For all plots, make sure all necessary axes and curves are clearly and 
accurately labeled. Include figure/plot titles appropriately, as well.

### Task
For this assignment you will work with different training set sizes, constructing
regression models from these sets, and evaluating the training and validation performance
of these models.

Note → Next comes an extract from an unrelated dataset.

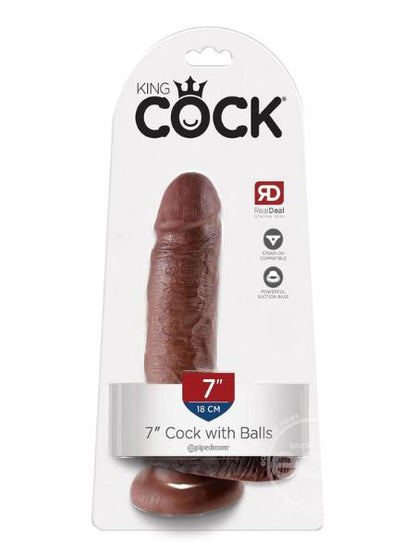 KING COCK DILDO WITH BALLS 7 INCH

Additionally, it is good practice to have a high level understanding
of the data one is working with, thus upon loading the data, we will also display 
aspects of the data. 

### Data set
The BMI (Brain Machine Interface) data are stored in a single pickle file; within this file, there
is one dictionary that contains all of the data.  The keys are: 'MI', 
'theta', 'dtheta', 'torque', and 'time'.  Each of these objects are python lists with 20 
numpy matrices; each matrix contains an independent fold of data, with rows representing 
different samples and columns representing different dimensions.  The samples are organized 
contiguously (one sample every 50ms), but there are gaps in the data.
* _MI_ contains the data for 48 neurons.  Each row encodes the number of action potentials for 
each neuron at each of 20 different time bins (so, 48 x 20 = 960 columns).  
* _theta_ contains the angular position of the shoulder (in column 0) and the elbow 
(in column 1) for each sample.  
* _dtheta_ contains the angular velocity of the shoulder (in column 0) and the elbow 
(in column 1) for each sample.  
* _torque_ contains the torque of the shoulder (in column 0) and the elbow (in column 
1) for each sample.  
* _time_ contains the actual time stamp of each sample.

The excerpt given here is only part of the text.